Show HN: Using YOLO to Detect Office Chairs in 40M Hotel Photos

Project goals & outcomes

  • Tool uses YOLO-based object detection on ~40M hotel photos to highlight rooms with office/ergonomic-style chairs and desks.
  • Many commenters find the idea clever and practically useful for people who need to work while traveling.
  • Some report that detected “office chairs” are often in lobbies, conference rooms, or tiny “business centers,” not guest rooms.
  • Several note that wheeled/mesh chairs are a weak proxy for genuinely ergonomic or usable workspaces.
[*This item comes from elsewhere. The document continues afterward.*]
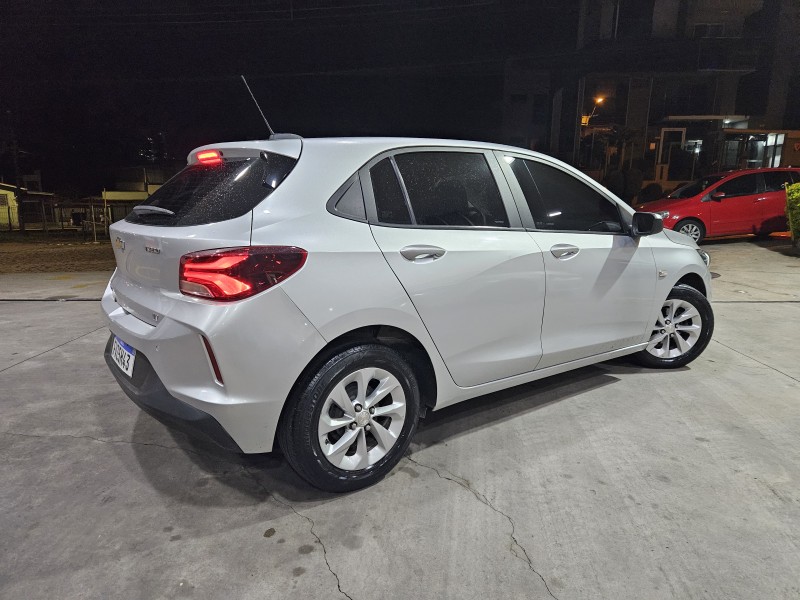 ONIX 1.0 LT 12V FLEX 4P MANUAL - 2020 - CAXIAS DO SUL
Data, labeling, and processing

  • Photo corpus includes all hotel image types: rooms, lobbies, spas, pools, exteriors, etc., coming from hotel content partners rather than scraping.
  • About 1,000 chairs were manually labeled to train the model.
  • Around 50k photos flagged by the model were manually reviewed via a custom “Tinder-like” verification app; claimed throughput ~60 photos/minute, completed in about a week using outsourced reviewers.
  • Deduplication: perceptual hashing (including dhash variants) is recommended, with some debate over robustness to crops and edits.

Tech stack and model choices

  • YOLO (Ultralytics implementation) was run locally; object detection over tens of millions of images reportedly took only a few days, with downloading being the bottleneck.
  • Cloud VLMs (e.g., Vertex AI) were considered too expensive and would require uploading all images.
  • Site stack: Python backend, NextJS frontend, MySQL, and Mapbox (with clustering) for the interactive map.

Travel, workspaces, and market gap

  • Many see a gap for hotels designed for remote workers: good chairs, desks at sensible heights, outlets, and external displays.
  • Others argue hotels are primarily for sleep and short business travel; deeper work should happen in offices, coworking spaces, or “business centers.”
  • Experiences differ by region and brand: some say even budget business hotels have adequate desks; others, especially in Europe, report “business” rooms with no real desk/chair.
  • Comparisons with Airbnbs and serviced apartments: often better for working but raise concerns about housing pressure.

Extensions and related ideas

  • Ideas include detecting all object types, clustering via CLIP/UMAP/HDBSCAN, identifying specific chair models, tagging dashcam footage (e.g., EV counts), and mapping pubs with pool tables.